My reading loop is like this:

I start a book on my kindle ; it's automatically added to my GR collection.

I highlight as I read, on my kindle ; those highlights are transferred automatically to my GR account.

I finish the book, give it a lame 5-star rating ; its status and rating updated automatically on my GR account.

I write my own notes & thoughts about the book (pen and paper style in my own journal).

I go to GR to read what others have thought about the book. There are always a couple decent commentaries (and I read a lot of somewhat obscure translated fiction, sometimes only 100 or so other readers of it).

I just don't see any other service pulling me away, no matter how slick the interface.

1 comments

Yeah, for your workflow here I don't think there is any better solution, especially because of the Kindle / Goodreads integration (which Amazon will never open up to other services).

As the Fred Wilson piece I linked above notes:

> I wonder if listmaking is really a vertical thing instead of a horizontal thing.
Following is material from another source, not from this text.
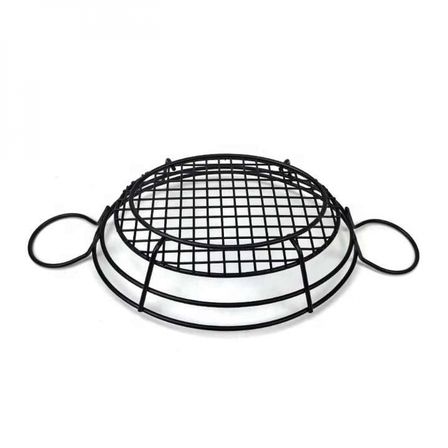 Patates Sunum Oval 20x28 cm (OPS-20)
That would suggest that there will be successes in verticals like food, travel, shopping, reading, film, music, etc but that each will be its own thing and not part of some meta listmaking community.

With Trove we're trying to build something closer to the "horizontal" thing, but I suspect power users of a particular vertical (e.g. "power readers" like yourself) will still flock to vertically focused and integrated solutions (like Goodreads for books).